▼
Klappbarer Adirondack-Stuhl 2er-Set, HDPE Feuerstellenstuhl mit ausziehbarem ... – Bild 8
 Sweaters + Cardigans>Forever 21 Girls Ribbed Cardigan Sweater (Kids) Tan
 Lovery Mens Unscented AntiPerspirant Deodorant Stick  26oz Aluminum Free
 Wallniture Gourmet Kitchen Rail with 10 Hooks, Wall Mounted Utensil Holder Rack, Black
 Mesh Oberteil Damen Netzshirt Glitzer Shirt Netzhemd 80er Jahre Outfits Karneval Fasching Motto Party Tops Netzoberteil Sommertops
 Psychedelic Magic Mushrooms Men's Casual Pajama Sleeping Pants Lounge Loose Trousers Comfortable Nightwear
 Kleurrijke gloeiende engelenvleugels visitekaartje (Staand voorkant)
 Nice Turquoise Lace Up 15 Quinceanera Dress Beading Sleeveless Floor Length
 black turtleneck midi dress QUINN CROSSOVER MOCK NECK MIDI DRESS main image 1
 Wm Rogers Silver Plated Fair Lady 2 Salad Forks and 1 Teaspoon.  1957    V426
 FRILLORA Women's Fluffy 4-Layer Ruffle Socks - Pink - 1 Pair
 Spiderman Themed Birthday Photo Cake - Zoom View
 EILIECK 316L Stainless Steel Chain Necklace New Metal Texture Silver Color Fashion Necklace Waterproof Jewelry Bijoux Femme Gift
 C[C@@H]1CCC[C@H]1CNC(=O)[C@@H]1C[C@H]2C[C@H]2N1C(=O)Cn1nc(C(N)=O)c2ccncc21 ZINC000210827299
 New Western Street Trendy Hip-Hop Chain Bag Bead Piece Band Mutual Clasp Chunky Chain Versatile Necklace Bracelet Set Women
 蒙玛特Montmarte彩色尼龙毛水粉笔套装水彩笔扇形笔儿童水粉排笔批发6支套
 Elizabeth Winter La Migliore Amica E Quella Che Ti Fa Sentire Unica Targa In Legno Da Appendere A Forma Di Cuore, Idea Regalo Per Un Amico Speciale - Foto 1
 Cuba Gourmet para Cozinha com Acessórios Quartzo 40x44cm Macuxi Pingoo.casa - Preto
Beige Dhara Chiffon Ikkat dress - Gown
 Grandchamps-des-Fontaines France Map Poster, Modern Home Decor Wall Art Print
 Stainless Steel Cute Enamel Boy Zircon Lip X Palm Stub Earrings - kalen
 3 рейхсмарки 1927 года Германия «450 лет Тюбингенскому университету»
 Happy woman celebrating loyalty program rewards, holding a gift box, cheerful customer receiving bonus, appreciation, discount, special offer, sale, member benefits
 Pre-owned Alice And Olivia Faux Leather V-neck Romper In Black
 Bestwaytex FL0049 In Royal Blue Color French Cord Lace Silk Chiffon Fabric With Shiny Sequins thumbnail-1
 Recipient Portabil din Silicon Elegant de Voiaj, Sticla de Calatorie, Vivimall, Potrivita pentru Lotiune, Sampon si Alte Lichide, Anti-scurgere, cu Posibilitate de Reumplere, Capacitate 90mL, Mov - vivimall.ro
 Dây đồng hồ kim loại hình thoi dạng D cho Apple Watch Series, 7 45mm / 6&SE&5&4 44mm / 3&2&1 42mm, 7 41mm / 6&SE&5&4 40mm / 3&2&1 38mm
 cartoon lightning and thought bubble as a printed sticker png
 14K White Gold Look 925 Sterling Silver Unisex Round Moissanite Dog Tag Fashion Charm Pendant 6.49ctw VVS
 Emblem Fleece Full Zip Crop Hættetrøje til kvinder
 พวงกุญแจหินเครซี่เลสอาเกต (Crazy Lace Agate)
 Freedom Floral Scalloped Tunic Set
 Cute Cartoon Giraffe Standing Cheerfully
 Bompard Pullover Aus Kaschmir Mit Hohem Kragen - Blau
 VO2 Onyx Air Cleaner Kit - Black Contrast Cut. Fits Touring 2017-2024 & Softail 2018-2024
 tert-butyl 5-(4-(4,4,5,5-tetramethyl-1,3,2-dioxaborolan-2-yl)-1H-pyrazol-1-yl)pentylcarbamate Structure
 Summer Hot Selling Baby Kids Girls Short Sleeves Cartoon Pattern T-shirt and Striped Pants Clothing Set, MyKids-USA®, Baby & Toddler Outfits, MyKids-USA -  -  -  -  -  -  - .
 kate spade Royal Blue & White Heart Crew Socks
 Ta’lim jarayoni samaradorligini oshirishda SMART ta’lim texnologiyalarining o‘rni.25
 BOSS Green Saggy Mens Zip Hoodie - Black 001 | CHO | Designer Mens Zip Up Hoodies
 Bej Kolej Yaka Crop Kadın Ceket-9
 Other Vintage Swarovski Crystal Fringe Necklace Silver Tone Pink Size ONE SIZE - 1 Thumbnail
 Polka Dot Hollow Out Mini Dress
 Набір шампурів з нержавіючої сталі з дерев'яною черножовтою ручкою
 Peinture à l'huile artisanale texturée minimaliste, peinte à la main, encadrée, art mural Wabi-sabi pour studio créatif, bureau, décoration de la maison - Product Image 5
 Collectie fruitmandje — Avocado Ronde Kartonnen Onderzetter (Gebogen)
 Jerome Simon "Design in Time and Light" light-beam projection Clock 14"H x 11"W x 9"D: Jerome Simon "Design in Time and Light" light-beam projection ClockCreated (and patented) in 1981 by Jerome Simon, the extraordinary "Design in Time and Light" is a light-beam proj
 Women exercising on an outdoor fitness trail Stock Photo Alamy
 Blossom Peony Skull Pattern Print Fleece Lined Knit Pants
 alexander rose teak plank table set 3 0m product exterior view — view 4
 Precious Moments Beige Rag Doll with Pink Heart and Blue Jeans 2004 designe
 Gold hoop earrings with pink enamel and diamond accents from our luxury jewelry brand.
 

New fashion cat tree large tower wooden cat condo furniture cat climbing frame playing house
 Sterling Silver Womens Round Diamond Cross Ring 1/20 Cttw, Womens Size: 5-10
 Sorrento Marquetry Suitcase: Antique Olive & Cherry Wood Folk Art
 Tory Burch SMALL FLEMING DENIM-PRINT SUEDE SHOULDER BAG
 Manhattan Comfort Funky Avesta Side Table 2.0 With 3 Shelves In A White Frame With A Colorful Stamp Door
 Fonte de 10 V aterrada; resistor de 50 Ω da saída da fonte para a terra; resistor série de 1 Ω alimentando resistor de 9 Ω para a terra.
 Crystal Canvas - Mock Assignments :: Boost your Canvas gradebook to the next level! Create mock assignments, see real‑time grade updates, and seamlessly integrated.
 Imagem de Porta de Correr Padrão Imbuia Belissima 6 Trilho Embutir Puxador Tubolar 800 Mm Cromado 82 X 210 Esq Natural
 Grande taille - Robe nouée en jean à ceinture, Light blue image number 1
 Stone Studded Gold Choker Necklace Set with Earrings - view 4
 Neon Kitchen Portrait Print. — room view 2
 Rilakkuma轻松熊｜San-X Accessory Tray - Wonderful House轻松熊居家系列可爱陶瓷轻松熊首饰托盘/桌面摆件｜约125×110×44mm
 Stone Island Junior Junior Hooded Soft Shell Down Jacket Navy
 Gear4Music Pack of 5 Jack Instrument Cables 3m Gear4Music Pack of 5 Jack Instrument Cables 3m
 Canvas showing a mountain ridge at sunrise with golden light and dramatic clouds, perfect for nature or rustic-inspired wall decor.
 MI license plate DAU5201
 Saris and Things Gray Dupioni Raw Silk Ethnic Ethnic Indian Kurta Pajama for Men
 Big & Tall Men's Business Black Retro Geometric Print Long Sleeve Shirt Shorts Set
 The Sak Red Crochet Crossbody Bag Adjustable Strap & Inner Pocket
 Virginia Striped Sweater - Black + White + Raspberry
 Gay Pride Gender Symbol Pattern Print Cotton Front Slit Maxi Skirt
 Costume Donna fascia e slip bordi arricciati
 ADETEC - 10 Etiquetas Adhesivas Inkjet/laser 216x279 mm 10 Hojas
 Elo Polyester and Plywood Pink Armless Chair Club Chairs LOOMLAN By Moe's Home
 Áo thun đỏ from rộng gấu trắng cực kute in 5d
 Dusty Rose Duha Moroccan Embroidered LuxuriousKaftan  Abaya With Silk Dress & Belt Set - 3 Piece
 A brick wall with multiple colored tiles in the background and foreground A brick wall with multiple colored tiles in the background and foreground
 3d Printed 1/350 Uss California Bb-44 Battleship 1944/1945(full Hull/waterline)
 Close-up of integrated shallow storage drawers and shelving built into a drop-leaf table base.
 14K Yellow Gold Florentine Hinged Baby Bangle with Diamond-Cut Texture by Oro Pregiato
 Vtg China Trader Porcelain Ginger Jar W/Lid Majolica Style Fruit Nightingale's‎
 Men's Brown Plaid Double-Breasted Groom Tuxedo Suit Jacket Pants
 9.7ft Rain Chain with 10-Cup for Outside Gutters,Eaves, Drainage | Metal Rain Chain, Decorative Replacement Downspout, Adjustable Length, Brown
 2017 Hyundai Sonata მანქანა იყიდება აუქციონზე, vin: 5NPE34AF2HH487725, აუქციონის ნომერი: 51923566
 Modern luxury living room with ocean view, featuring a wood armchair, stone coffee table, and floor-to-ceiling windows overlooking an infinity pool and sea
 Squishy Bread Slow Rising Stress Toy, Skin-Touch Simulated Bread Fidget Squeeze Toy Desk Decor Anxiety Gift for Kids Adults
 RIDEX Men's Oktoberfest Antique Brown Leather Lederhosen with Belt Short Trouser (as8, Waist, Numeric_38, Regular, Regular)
▲
Your instructions
Everything from the line with "ADETEC - 10" through the line with "and foreground A" in the listing above must be retyped exactly, with nothing added.

Output for this exercise
 ADETEC - 10 Etiquetas Adhesivas Inkjet/laser 216x279 mm 10 Hojas
 Elo Polyester and Plywood Pink Armless Chair Club Chairs LOOMLAN By Moe's Home
 Áo thun đỏ from rộng gấu trắng cực kute in 5d
 Dusty Rose Duha Moroccan Embroidered LuxuriousKaftan  Abaya With Silk Dress & Belt Set - 3 Piece
 A brick wall with multiple colored tiles in the background and foreground A brick wall with multiple colored tiles in the background and foreground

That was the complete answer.